I got into computers at just the perfect moment. I had some very interesting projects, for some very interesting companies. At 18 months on any project my interest lapsed and I moved on. And (this is what your post reminded me of) I was working for a very large computer company. I told them it was time for me to leave and they made a big effort to find me a new home within the company. By that point I had picked up a handful of patents and pulled a PhD or two along for the ride.

They sent me out to a research lab in the Palo Alto area for an interview. Over the years I had worked with some brilliant people - some of which did not even have a HS diploma. So this interview - everyone had PhD's. First I had to meet with perhaps 10-12 one on one in their offices. Then we had a session where it was all of them throwing questions at me as a group. I was terrible at the group thing. I gave my notice when I got home - without a doubt it was the best decision of my life because of the opportunities it opened up for me.

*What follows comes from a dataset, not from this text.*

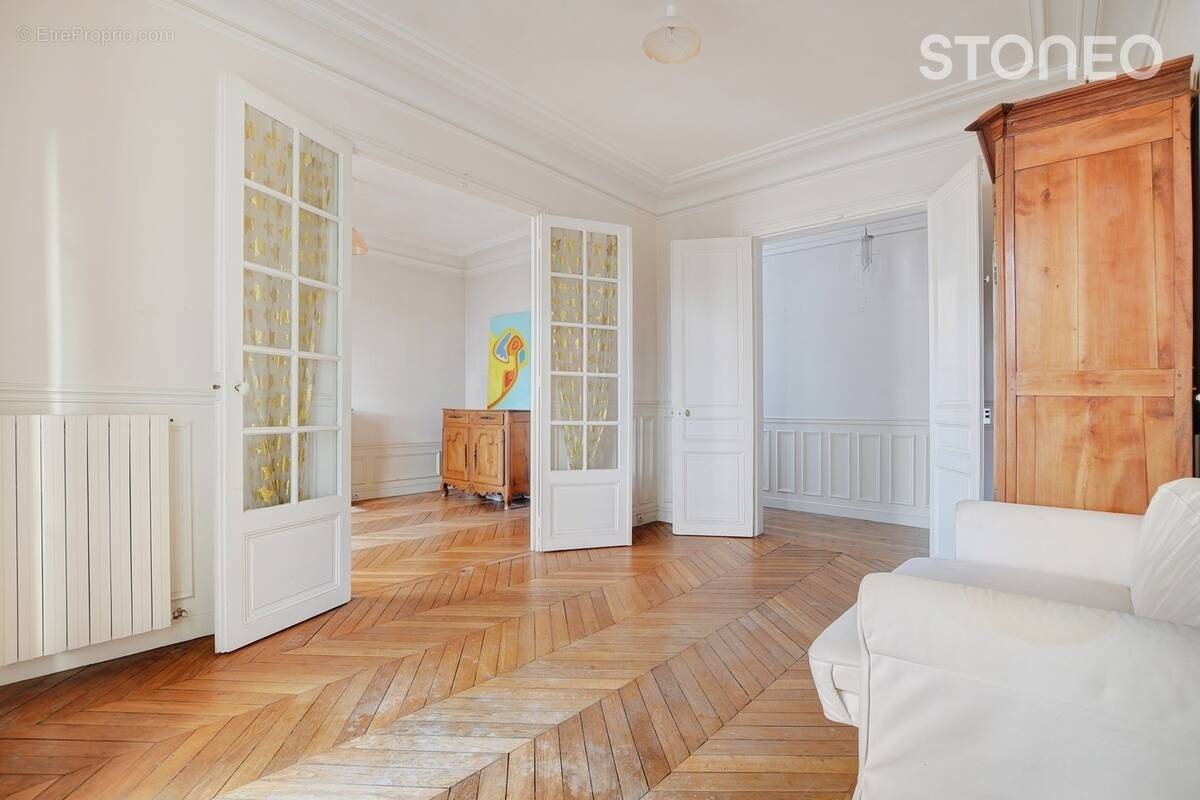Appartement à PARIS-15E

So - the smartest guy I have ever known (the one without the HS degree) died with 750+ million in the bank. He took two companies to the market. The second smartest person I ever worked with was a kid half my age. He had a GED but he had a mind very few people are born with. There was a project which had perhaps a staff of 500 people working to develop a new OS for a new processor family. They struggled for months with meetings and such. He was allowed to develop an emulator for the new processor on the current technology. In the end his emulator killed the project the others were working on - it was faster !


----------



## xolo (May 25, 2014)

This is a knowledgeable group!

Thanks for all the thanks received! My study language is indeed an Otomaguean language from the cradle of civilization. The text was "one" accepted writing convention, which I have been transcribing to IPA. My other study area was educational policy in Mexico toward indigenous peoples and languages. As many of you might know, Mexico has not been at the forefront of language rights, unless you are talking about pretty political words.

Sending good vibes to all of you in your endeavors, especially Citlali in her indigenous studies.


----------



## citlali (Mar 4, 2013)

Thanks xolo all the best to you.


----------